For many centuries, conservation has been practiced by the peoples of South Africa, evidence suggesting the application of elaborate natural resource management systems by indigenous African people such as the San, Khoi and Nguni prior to the country's colonisation. Because most traditional African societies were for the most part dependent upon natural resources, including the wildlife that surrounded them, political systems generally included a set of rules and procedures designed to regulate the use of natural resources. Examples include the setting aside of hunting preserves for Zulu royalty, soil conservation methods of the BaTswana people, and totemic protection among people such as the BaSotho. A rich folklore reflected the close relationship between traditional societies and nature, and linked people to the environment through an ethic which was strongly spiritual and cultural.
Existing declarations by indigenous and local communities to the extent they relate to the conservation and sustainable use of biodiversity, include: the [Kari Oca Declaration], the [Mataatua Declaration], the [Santa Cruz Declaration], the [Leticia Declaration and Plan of Action], the [Treaty for Life Forms Patent Free Pacific], the [Ukupseni Kuna Yala Declaration], the [Heart of the Peoples Declaration on Biodiversity and Biological Ethics], the [Jovel Declaration on Indigenous Communities], [Indigenous Knowledge and Biodiversity], and the [Chiapas Declaration]. Other relevant declarations include [Convention 169] of the International Labour Organization and Agenda 21.
1. In Peru we spent the first three or four months watching and working with them, (trying to clarify) what they intended to do.

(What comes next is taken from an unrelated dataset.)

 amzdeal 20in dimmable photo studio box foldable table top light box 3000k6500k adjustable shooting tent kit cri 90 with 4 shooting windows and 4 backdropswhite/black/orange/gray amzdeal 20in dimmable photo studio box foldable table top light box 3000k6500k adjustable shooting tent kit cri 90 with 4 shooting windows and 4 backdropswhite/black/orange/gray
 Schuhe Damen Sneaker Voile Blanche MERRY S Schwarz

For centuries the people have been living there, with the resources they have. We must learn from them, for example on how the agriculture was developed in the area. They have domesticated more than 60 different species in the highlands group, like potatoes for example.

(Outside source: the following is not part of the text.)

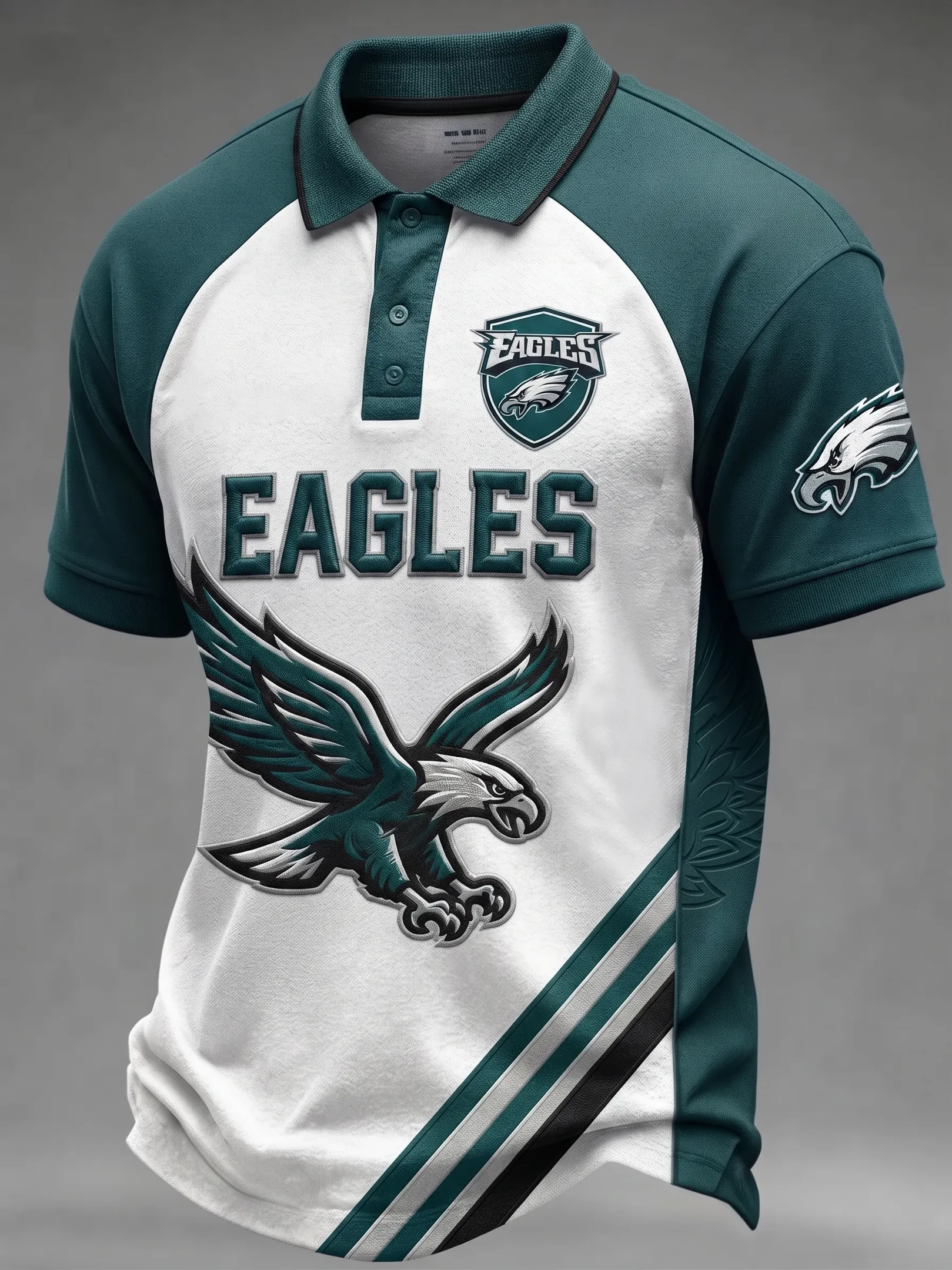 Philadelphia Eagles Merch Football Game Day Polo Shirt Eagle Fan Gifts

2. Many South Pacific islanders possessed and continue to possess a wealth of environmental knowledge, including traditional systems of resource management. Taboos, bans, seasons, wildlife preserves, marine preserves, land and lagoon tenure systems, systems of time reckoning, social stratification, religion, and population control (overseas voyaging, suicidal voyages, celibacy, prevention of conception, abortion, and infanticide) undoubtedly function in conserving island resources. Several of these inadvertent or recognized conservation practices were distinctly effective in terms of conserving resources, and, if those appropriate were supported or adapted to modern conditions, they could continue to be so. Yet, little time remains to identify, record, and possibly preserve some of these traditional systems of conservation management.